Having deployable panels adds solar cell area but also an extra mechanical complexity. For the panels to deploy, they need a burn wire release mechanism (the wire being fishing line), and every mechanical system adds the possibility of failure. If the panel does not deploy properly, the CubeSat will not have any power and even if everything else is functioning properly, the CubeSat will fail due to the lack of power. The attitude determination and control system (ADCS) controls the orientation of the CubeSat with respect to an inertial frame of reference and includes reaction wheels, magnetorquers, thrusters, star trackers, sun, and Earth sensors, angular rate sensors, and GPS receivers and antennas.

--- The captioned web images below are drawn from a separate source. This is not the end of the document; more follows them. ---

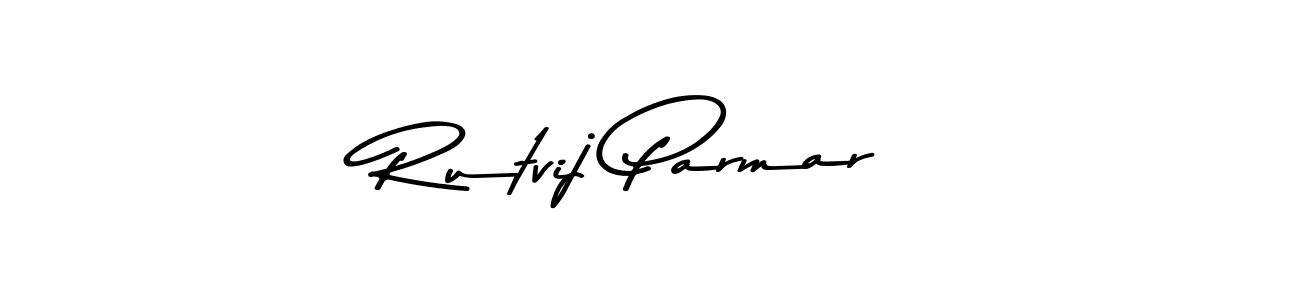 How to make Rutvij Parmar name signature. Use Asem Kandis PERSONAL USE style for creating short signs online. This is the latest handwritten sign. Rutvij Parmar signature style 9 images and pictures png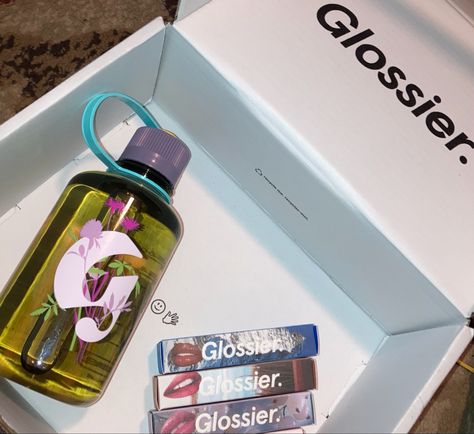 Glossier Water Bottle, Glossier Haul, Glossier Lip Gloss, Reusable Water Bottle, Markers, Water Bottle, Skin, Drawings, Water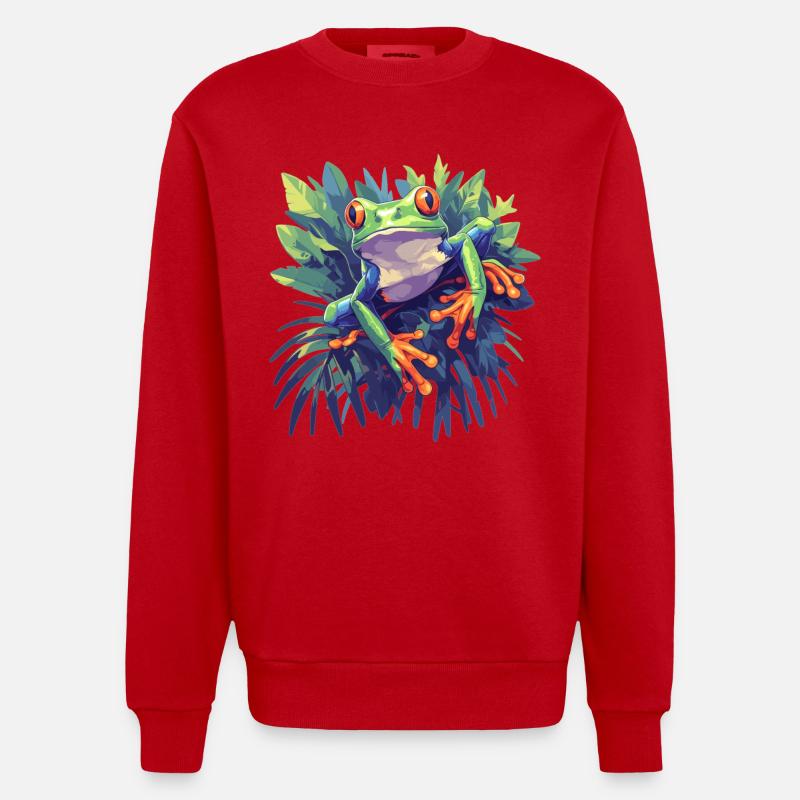 Tree Frog Baumfrösche Baumfrosch - Heavyweight Oversized Organic Crew Neck Made in EU - red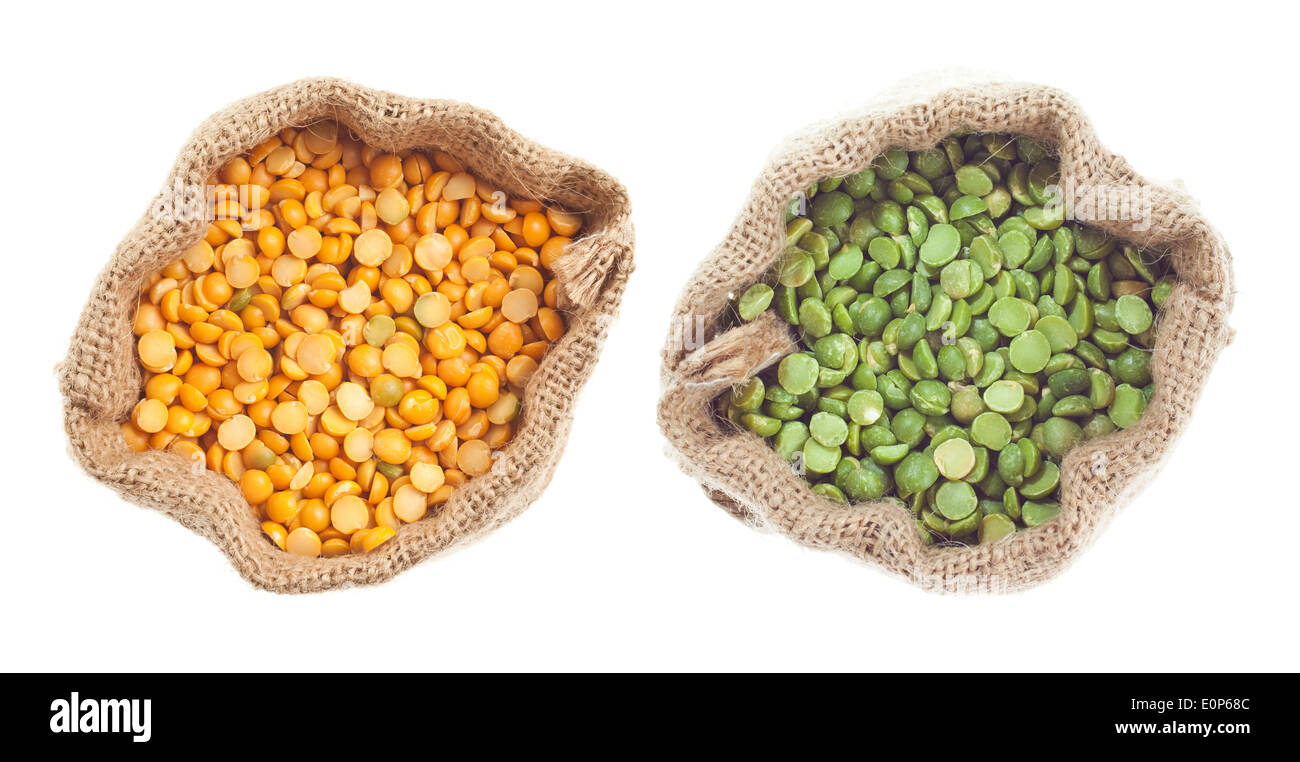 Canvas bags with dry yellow and green split peas Stock Photo Alamy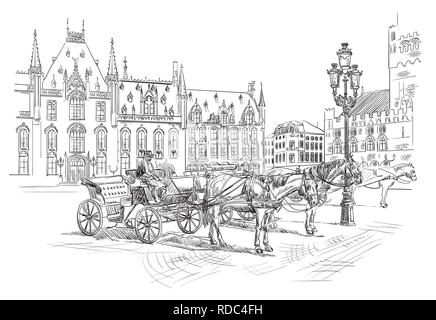 View on Grote Markt square in medieval city Bruges, Belgium. Landmark of Belgium. Horses, carriages and lanterns on market square in Bruges. Vector ha Stock Vector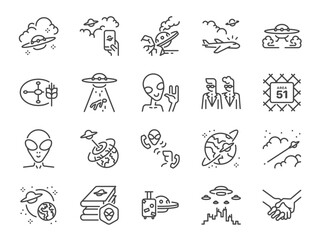 UFO icon set. It included icons such as aliens, extraterrestrial life, space, intergalactic, and more.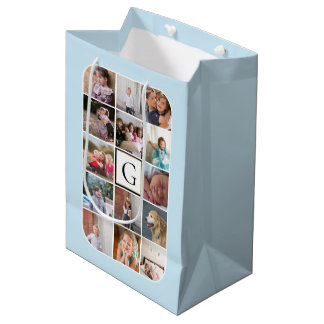 Sac Cadeau Moyen Faites votre propre photo collage, monogramme bleu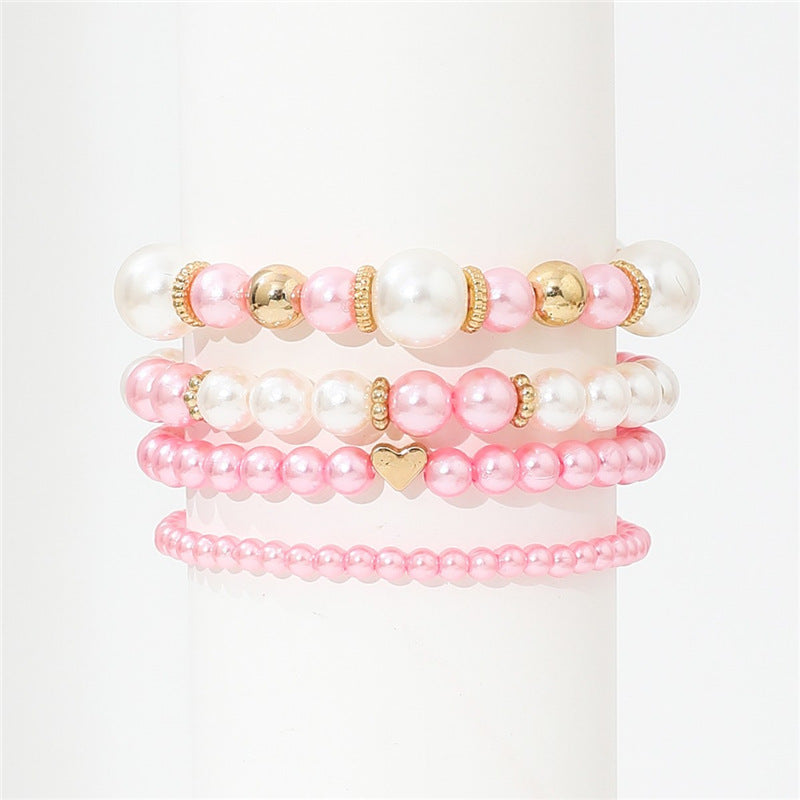 Heart-shaped Multi-layer Pearl Bracelet Suit
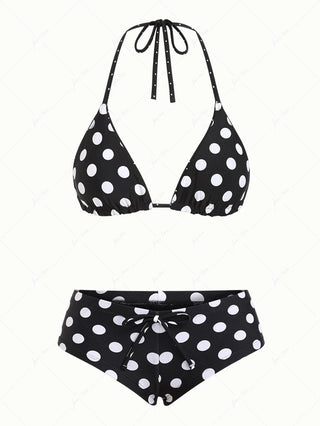 Black Polka Dot Reversible Triangle Top & Cheeky Boyshort Bikini Set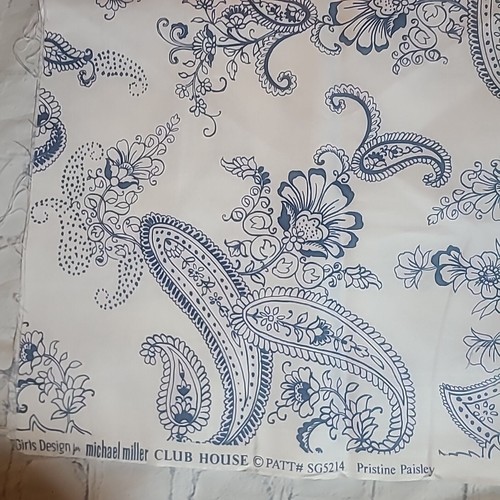 Michael Miller Clubhouse pristine Paisley Fabric Blue & White 15" x 44" - Picture 2 of 5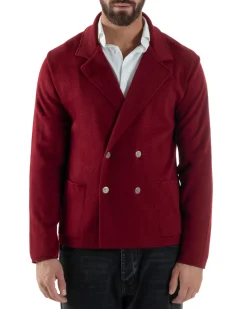 Cardigan uomo doppiopetto giacca bottoni metallo maglia links bordeaux GIOSAL-M3041A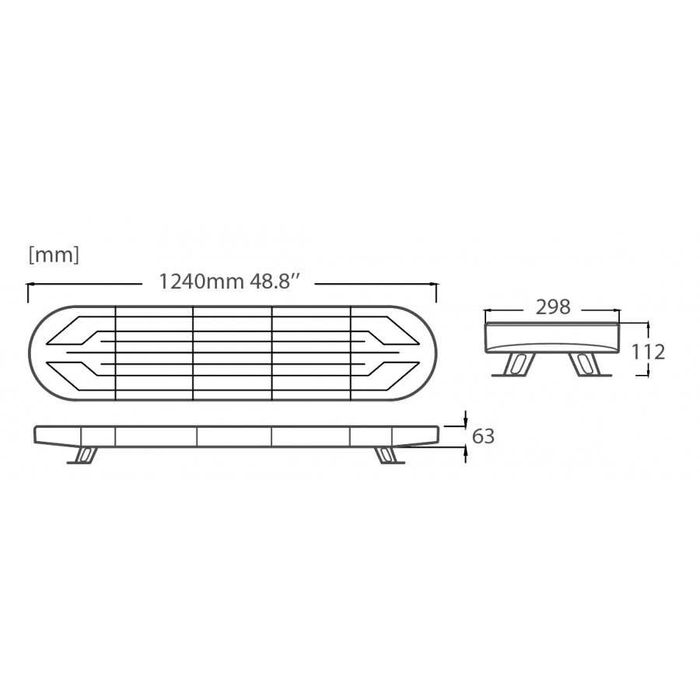 Girofar rampa LED 124 x 28,6 cm BLK0035 TruckLed
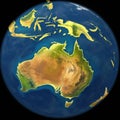 Australian continent on black background generative AI Royalty Free Stock Photo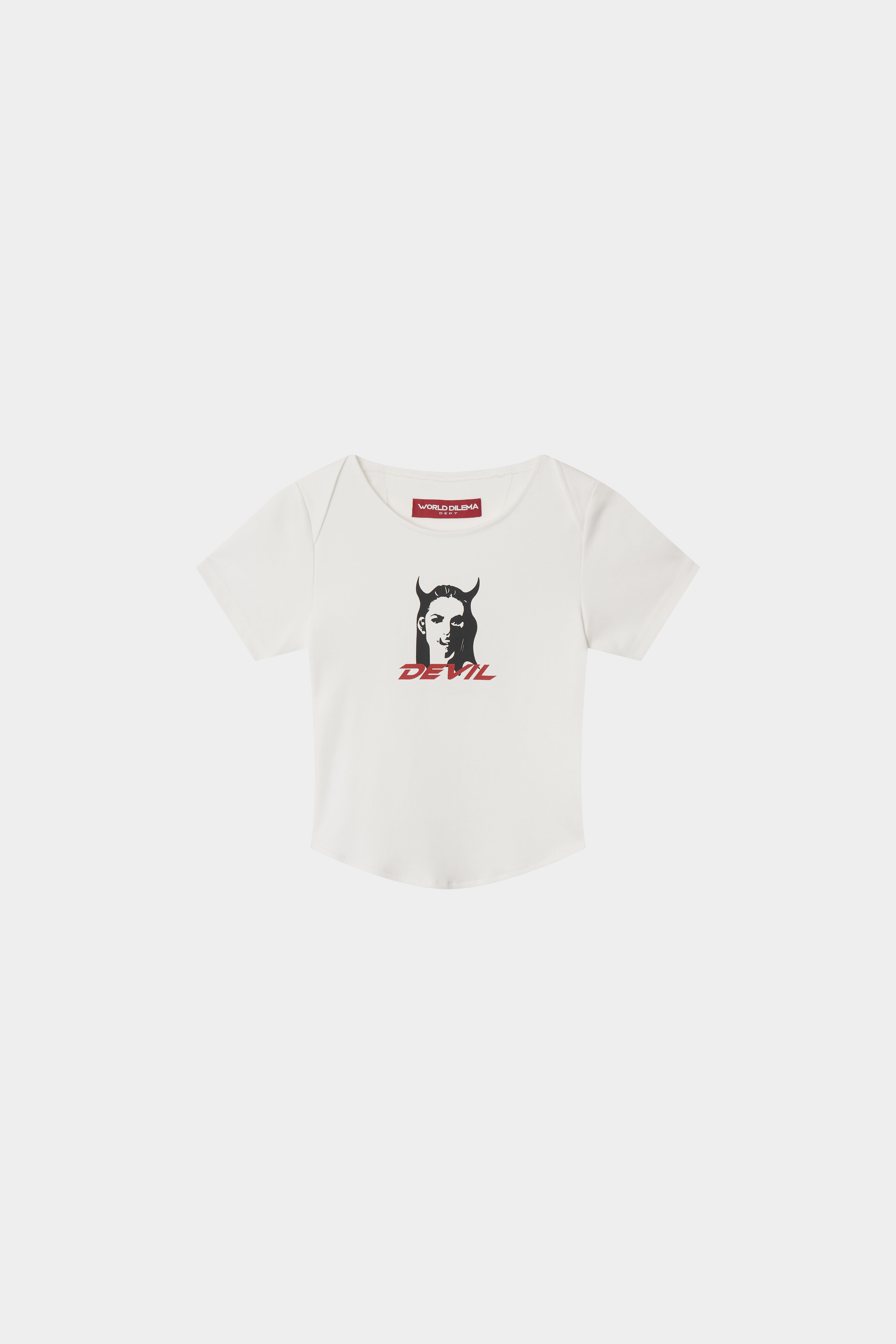 Devil' PRINTING TIGHT HALF T-SHIRTS-WHITE 5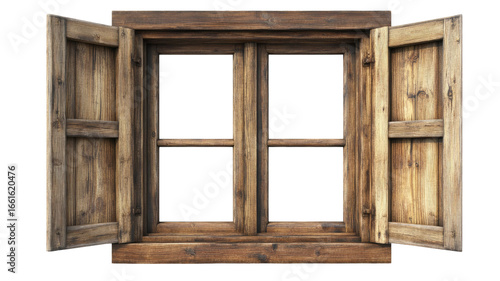Wooden window frame rustic architectural element isolated on white background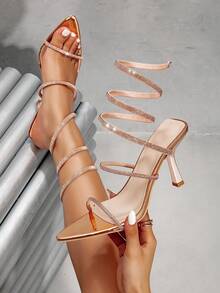 Women's New Light Champagne Rhinestone Snake Wrap Pointed Toe Stiletto High Heel Sandals, Sexy Nightclub Party Evening Summer Shoes - Champagne - View 1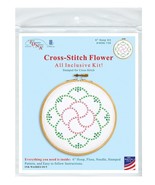 Jack Dempsey Needle Art Cross-Stitch Flower 6 Inch Hoop Kit - $242.88 MXN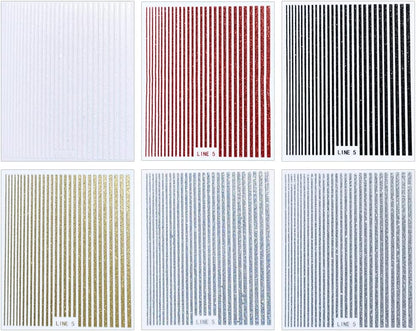 3D Glitter Lines Nail Stickers Holographic Nail Art Stickers Metal Stripe Nail Decals Self Adhesive Geometric Strip Line Nails Stickers Women DIY Nail Supplies,6 Colors/Set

This complex system is needed because when the satellite is first deployed, for example via NanoRacks from the International Space Station, it is tumbling. Some CubeSats can operate in this state, but others require pointing accuracy and location knowledge.

They can be quite inexpensive to build and launch, in many cases within the budget of university science and engineering departments. They are less complex and smaller than the typical satellite launched into space.

In addition, under the right circumstances, they can be built with commercial off-the-shelf components (COTS) rather than expensive, radiation-hardened electronics. Even these components can survive space radiation for a limited amount of time, long enough for missions of short duration. MarCo, short for Mars Cube One, was the first interplanetary mission to use a class of mini-spacecraft called CubeSats.

The MarCOs — nicknamed EVE and WALL-E, after characters from a Pixar film — served as communications relays during InSight’s November 2018 Mars landing, beaming back data at each stage of its descent to the Martian surface in near-real-time, along with InSight’s first image. WALL-E sent back stunning images of Mars as well, while EVE performed some simple radio science.